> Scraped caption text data
'''
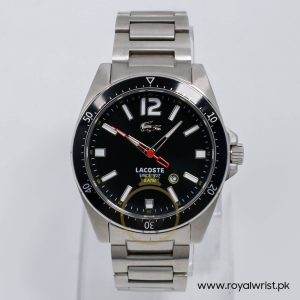 Lacoste Men’s Quartz Silver Stainless Steel Black Dial 43mm Watch 2010639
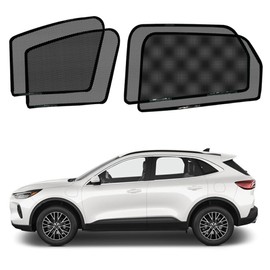 BWEN Car Window Shades Fit for 2020-2025 Ford Escape, Magnetic Sunshades for Car Windows, Sun Protection Breathable Camping Window Covers, Privacy Protect for Kids,Family,Pets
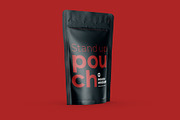 Stand Up Pouch Mockup Half Side view, a Cups & Container Mockup by easymock (Thumbnail 8 of 12)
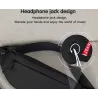 TINYAT - sac multifonction poitrine / taille / épaule - avec trou pour prise casque - étanche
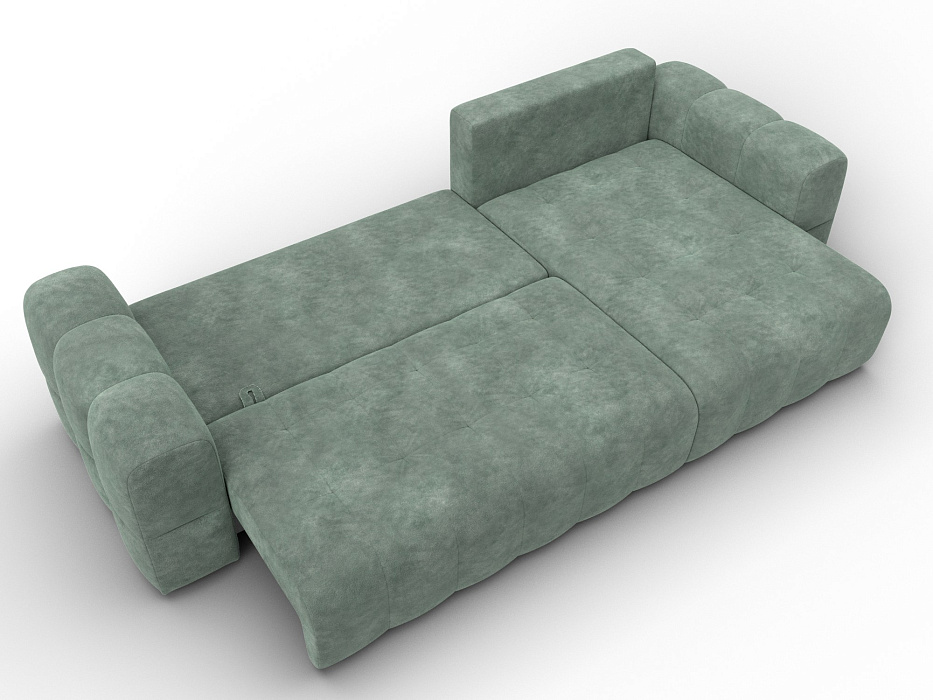 Диван угловой Лига-110 НПБ угол универсальный (brut 08 зеленый)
'''
From the line that contains "Stand Up Pouch" to the last line of the data above, inclusive, transcribe every line exactly and only those lines, omitting pictures.

 Stand Up Pouch Mockup Half Side view, a Cups & Container Mockup by easymock (Thumbnail 8 of 12)
 TINYAT - sac multifonction poitrine / taille / épaule - avec trou pour prise casque - étanche
 Диван угловой Лига-110 НПБ угол универсальный (brut 08 зеленый)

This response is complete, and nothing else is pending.